L’interrogatoire de l’accusé Diakalia Démé a pris fin avec l’audience du jour. Après les séries de questions au fond du parquet militaire et des avocats de la partie civile, ce fut le tour de son avocat, Me Olivier Somé, de lui poser des questions à décharge. À travers ses questions, Me Olivier a abouti que son client ne peut être considéré comme un complice concernant la neutralisation de la Force d’Intervention du ministère de l’Administration territoriale et de la Sécurité (FIMATS). Il attend le moment opportun pour le prouver lors des plaidoiries.
Après lui, c’était son chef d’escadron, le lieutenant Tibo Ouédraogo qui devrait passer à la barre. Mais l’avocat de l’accusé Tibo avait notifié au juge que son client avait fait un accident vasculaire cérébral (AVC) demandant ainsi au juge le report de sa comparution.
Le témoin Daouda Traoré, Colonel-major à la retraite, lieutenant au moment des faits était aussi membre du bureau politique du Conseil national de la révolution (CNR) à la barre
En effet, Daouda Traoré a été le premier témoin à la barre explique sa version des faits des événements de la journée du 15 octobre 1987. Devant le tribunal, il a juré de dire la vérité sans haine, toute la vérité et rien que la vérité devant la Tribunal.

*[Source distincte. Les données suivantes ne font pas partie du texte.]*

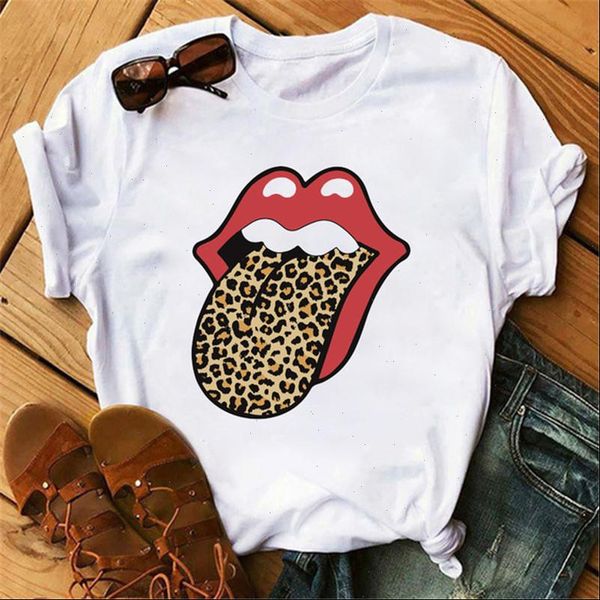 red lip leopard tongue print funny women t shirts hipster summer short sleeve vogue tee shirt streetwear female, White
red lip leopard tongue print funny women t shirts hipster summer short sleeve vogue tee shirt streetwear female, White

En effet » avant le 15 octobre 1987, la tension était montée. Les tracts du genre ordurier contre le président Thomas Sankara circulaient et on pouvait lire ce ‘’peul mossi indigne’ ’Ce qui a contribué à envenimer la situation. Et moi je venais d’être affecté à Fada N’gourma comme Commandant du Régiment d’infanterie commandos (RIC). J’avais essayé avec Thomas Sankara, de me faire former à Cuba. Pendant qu’il était retissant, Blaise Compaoré travaillait à cela et je dois reconnaître que cela nous a beaucoup rapprochés », relate-t-il.
Dans cette situation tendue, le Colonel major Daouda Traoré soutient qu’avec un petit groupe, ils ont pris l’initiative d’aller rencontrer Blaise Compaoré pour lui en parler afin de faire baisser la température du thermomètre. «Mon capitaine, on est venu vous voir parce que les gens pensent que c’est vous qui êtes à l’origine de la discorde. En plus, vous ne veniez plus aux réunions » a dit Daouda Traoré à Blaise Compaoré.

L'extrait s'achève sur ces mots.